Rob: Dat zijn verschillende soorten investeringen. Als we bij de basis beginnen, zijn dat investeringen waar wij dus bijvoorbeeld ook de scholen bij helpen. Dat is wat ik net zei, dat is dat budget dat wij beschikbaar stellen. Dus de school als vindplaats is wat ons betreft cruciaal. Wat Hans zegt, als je daar bent en je stelt de juiste vragen, dan hoor je de juiste verhalen. En de juf en de meester, die zijn vijf dagen in de week met die kinderen, dus die zien wat er niet goed gaat. En als jij de juf en de meester of de school wat ruimte geeft om dan ook te kunnen acteren op een moment dat er iets niet goed gaat, dat is cruciaal. Want dan ga je ook, dan durf je ook de juiste vraag te stellen. Want wat heb je aan de juiste vraag stellen als je daar vervolgens helemaal niks mee kan. Dus als die bril kapot gaat en je kunt daar niks mee, dan kun je je wel aanhoren, maar dan heeft dat verder geen effect. Op het moment dat je weet als die bril kapot gaat, dan kan ik het probleem voor jou fixen, dan sta je echt anders in het gesprek en dan ga je een hele andere relatie aan met het kind en dus ook met de ouders. Dus die is wat ons betreft echt cruciaal om die vertrouwensband op te bouwen met het kind maar zeker ook met de ouders. En een tweede is dat als we kijken naar de scholen waar het jeugdeducatiefonds op actief is en dan hanteren we al een iets bredere definitie van armoede eigenlijk. Maar kleine 650, 680 scholen zijn we nu op..
Hans: Bijna 700 erop.
Rob: Kijk, bijna 700 scholen. We hebben onderzoek gedaan naar het lerarentekort bij ons op de scholen. En dan zien we dat ruim 75% een structureel lerarentekort heeft. Dat is natuurlijk een landelijk probleem. Maar op de scholen waar de uitdagingen voor de kinderen zo groot zijn, is dat probleem eigenlijk alleen nog maar erger. Dus dat is een ander aspect. We denken dat we op de scholen waar wij op actief zijn, dus waar de kinderarmoede het grootst is, waar de kinderen de meeste hulp nodig hebben, daar heb je de beste leerkrachten nodig. En daar heb je ook de meeste ruimte nodig om het niet alleen over onderwijs te hebben, maar ook over aanpalende zaken.

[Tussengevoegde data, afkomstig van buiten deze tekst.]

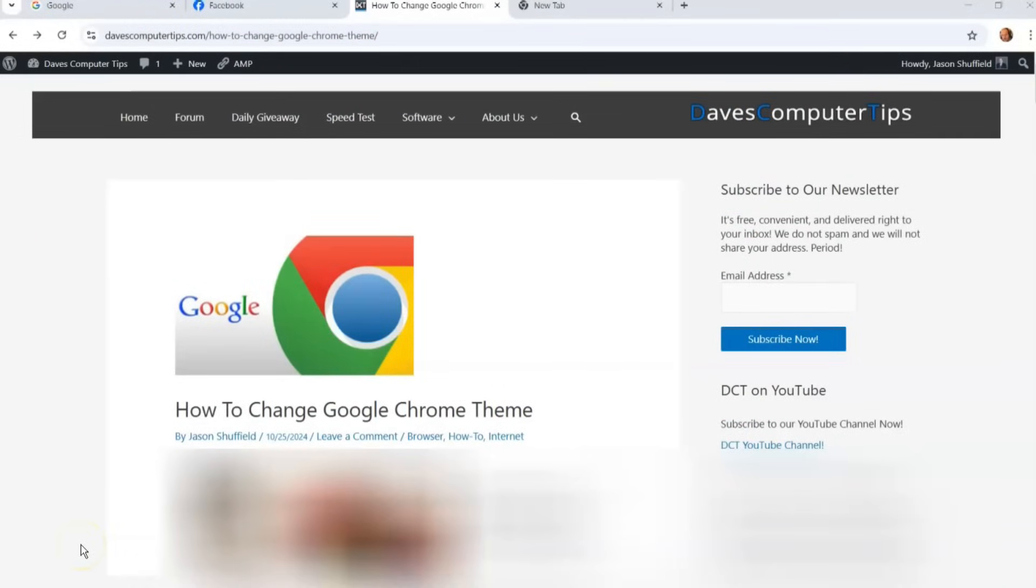Hi, this is Jason with Dave's Computer Tips with another how-to video for you. This one's on how to change Google Chrome theme. That's right, if you'd like to change the theme up so it's not the old boring light theme or dark theme, I'm going to show you how to spice it up for the holidays or for any time of year. I'm going to show you how to do that in this video.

Ruben: En in de praktijk is dat andersom als ik dat lees, hè? Dus zijn het niet de meest populaire scholen voor leerkrachten om te werken, en is het lerarentekort juist groter op scholen met veel kinderen in armoede?
Hans: Ja, het is veel groter. Dat geldt in het hele land, maar ook hier in Amsterdam. Ondanks dat er gelukkig meer salaris is voor een leerkracht die in zo’n type school werkt, wat ik heel erg goed vind voor Amsterdam, die is daar voorloper in. Hier wordt ook nagedacht over familieschoolconcepten in Amsterdam, wat super goed is, wat beter is dan in heel veel andere steden. Zo probeer ik overal te kijken wat er nou goed is in zo’n stad. Maar wat natuurlijk het probleem is, dat er hier dan nog wel in Amsterdam een beetje publiek meer geld naar die scholen gaat die het nodig hebben. Maar de grote geldstroom van de Rijksoverheid is niet ongelijk genoeg. Is meer gelijk gefinancierd, een beetje onderwijsachterstanden geld. En privé wordt er ook nog eens fors tegenaan geduwd. Want er gaat bijna een half miljard, of een, ja, een half miljard gaat er om in bijlesbureaus die ook van diezelfde ouders die op scholen zitten met de beste leerkrachten, met de meeste leerkrachten die geen tekort hebben. Dus dat wordt steeds ongelijker op deze manier. Dus ik maak me daar wel zorgen om, die financiering moet echt anders. En dan moet je die scholen eigenlijk zo verwennen dat… Kijk, we moeten weten wat voor goud eigenlijk op die scholen aanwezig is. Het is een plek van vertrouwen, we noemen het dan winplaats, maar het is een plek van vertrouwen en hoeveel plekken zijn er nog die worden vertrouwd door alle ouders. Die zijn er niet zo veel. Dus je merkt dat heel veel ouders al bang zijn om te melden dat ze thuis niet genoeg te eten hebben omdat ze bang zijn dat het kind wordt weggehaald. Dat komt natuurlijk allemaal vanuit die toeslagenaffaire. Dus ik zou die plek van vertrouwen nog veel meer uit willen bouwen met allemaal zaken die dan niet op het bordje van de leerkracht, maar die er dan zijn. En wel worden behandeld door mensen van, die school, die dan als meester of juf worden gezien. En dan kunnen we er veel meer nog mee, denk ik.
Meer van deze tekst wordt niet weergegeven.